Segment Start: Material provided

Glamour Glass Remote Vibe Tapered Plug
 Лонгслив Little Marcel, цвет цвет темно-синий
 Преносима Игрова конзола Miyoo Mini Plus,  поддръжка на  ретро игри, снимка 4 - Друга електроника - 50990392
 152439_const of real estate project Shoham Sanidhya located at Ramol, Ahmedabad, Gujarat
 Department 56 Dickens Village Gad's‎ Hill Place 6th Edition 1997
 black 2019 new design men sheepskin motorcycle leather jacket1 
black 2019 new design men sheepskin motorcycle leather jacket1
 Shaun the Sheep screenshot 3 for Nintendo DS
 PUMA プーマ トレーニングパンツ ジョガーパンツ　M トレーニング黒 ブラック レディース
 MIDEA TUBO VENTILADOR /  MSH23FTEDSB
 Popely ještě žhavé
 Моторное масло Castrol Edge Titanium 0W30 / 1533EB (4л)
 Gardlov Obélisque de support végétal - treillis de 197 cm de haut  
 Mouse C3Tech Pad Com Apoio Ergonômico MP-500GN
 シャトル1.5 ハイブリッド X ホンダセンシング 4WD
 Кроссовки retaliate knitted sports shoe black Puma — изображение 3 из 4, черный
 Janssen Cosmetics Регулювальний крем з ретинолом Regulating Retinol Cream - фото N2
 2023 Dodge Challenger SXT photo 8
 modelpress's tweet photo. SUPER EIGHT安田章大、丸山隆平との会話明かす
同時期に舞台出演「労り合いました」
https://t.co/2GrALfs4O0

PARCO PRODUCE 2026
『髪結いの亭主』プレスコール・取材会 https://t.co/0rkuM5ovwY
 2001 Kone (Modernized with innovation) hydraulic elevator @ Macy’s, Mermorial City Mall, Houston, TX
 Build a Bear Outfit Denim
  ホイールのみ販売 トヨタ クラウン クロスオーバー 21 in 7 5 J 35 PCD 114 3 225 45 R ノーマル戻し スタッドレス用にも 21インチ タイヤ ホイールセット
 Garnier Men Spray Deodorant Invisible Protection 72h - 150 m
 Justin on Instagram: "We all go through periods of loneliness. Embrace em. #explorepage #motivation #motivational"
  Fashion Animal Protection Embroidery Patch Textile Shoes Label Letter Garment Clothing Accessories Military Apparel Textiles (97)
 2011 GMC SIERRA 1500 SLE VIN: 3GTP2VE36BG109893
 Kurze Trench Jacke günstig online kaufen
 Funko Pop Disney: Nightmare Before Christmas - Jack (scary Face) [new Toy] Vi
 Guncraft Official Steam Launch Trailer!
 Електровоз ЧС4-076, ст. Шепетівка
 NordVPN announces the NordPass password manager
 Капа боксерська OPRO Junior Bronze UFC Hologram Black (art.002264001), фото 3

Segment End: Material provided

• [Task]
Within the entries, find all lines holding "leather" and copy each one.

• [Finished task]
 black 2019 new design men sheepskin motorcycle leather jacket1 
black 2019 new design men sheepskin motorcycle leather jacket1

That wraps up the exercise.